“What a Life. What a Remarkable Remarkable Life”: The Passing of Toni Morrison

by Aug 6, 2019Arts

Toni Morrison was a towering intellect, a brilliant scribe of our nation’s complex stories, a heartbreaking journalist of our deepest desires, and a groundbreaking author who destroyed precepts, walls and those who dared underestimate her capacity. Rest well and in peace.”  —Stacey Abrams

American novelist Toni Morrison — winner of the Pulitzer Prize (1988), the Nobel Prize for Literature (1993), and many other awards — has died at the age 88.
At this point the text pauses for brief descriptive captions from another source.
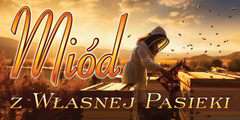 Baner reklamowy "Zachód słońca z PSZCZELARKĄ" -  miód z własnej pasieki 2x1m Baner reklamowy "Zachód słońca z PSZCZELARKĄ" -  miód z własnej pasieki 2x1m
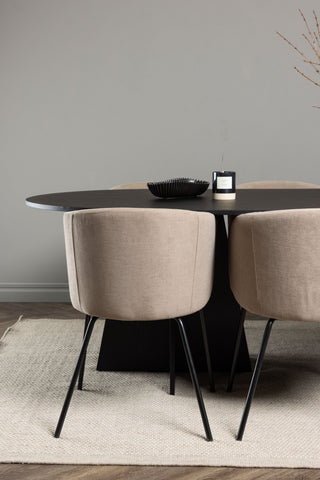 Venture Home Bootcut Ovalt matbord - Svart / Svart Fanéer +Berit Stol - Svart / Beige Tyg (polyesterlinne ) _6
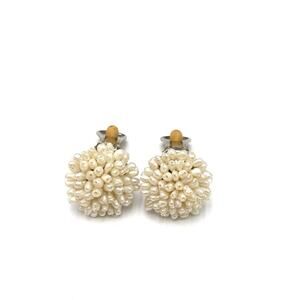 Vintage Rice Pearls Hand Wired Round Button Clip Back Earrings Clips Clip Ons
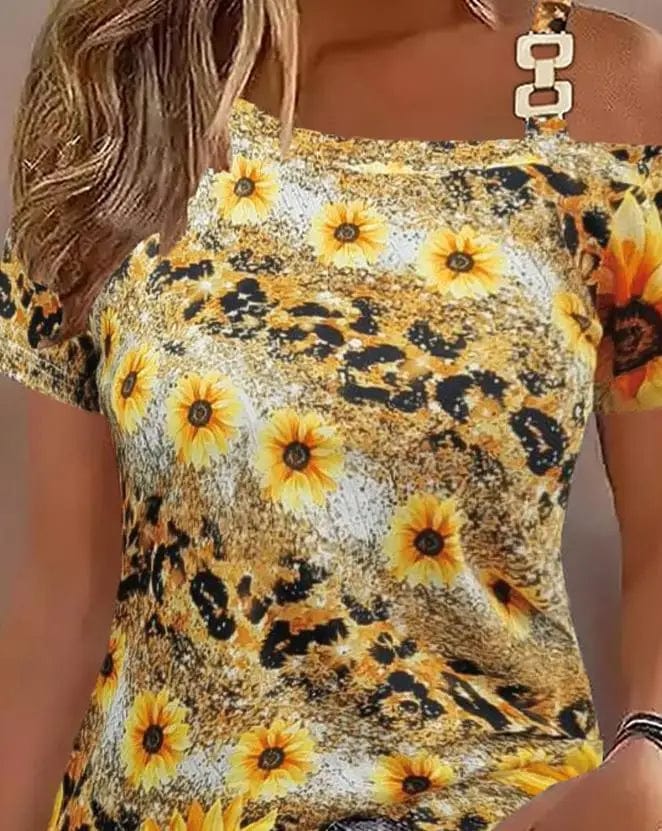 top-women-2023-summer-fashion-sunflower-leopard-print-chain-decor-cold-shoulder-casual-short-sleeve-daily-t-shirt-y2k-clothes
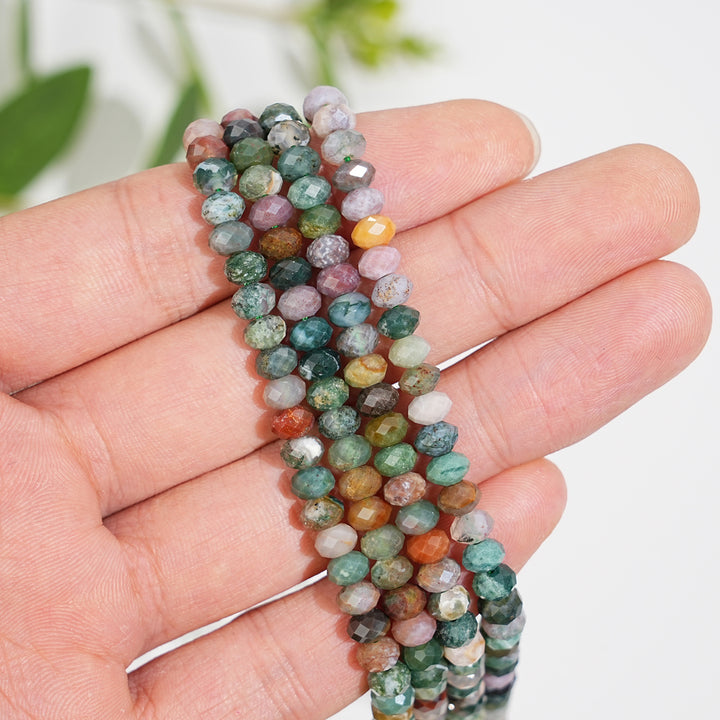 Natural Crystal Faceted Rondelle Bead Strand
“It is with profound sadness we share that, following a short illness, our adored mother and grandmother, Toni Morrison, passed away peacefully last night surrounded by family and friends,” the Morrison family said in a statement released Tuesday morning. “She was an extremely devoted mother, grandmother and aunt who reveled in being with her family and friends. The consummate writer who treasured the written word, whether her own, her students or others, she read voraciously and was most at home when writing. Although her passing represents a tremendous loss, we are grateful she had a long, well lived life.”

Author of a number of famous nonfiction books as well as novels, including “Song of Solomon”, “The Bluest Eye”, and “Beloved”, Morrison was renowned for career as an editor and teacher of African American studies, humanities, and creative writing at Princeton University, where she was professor emeritus.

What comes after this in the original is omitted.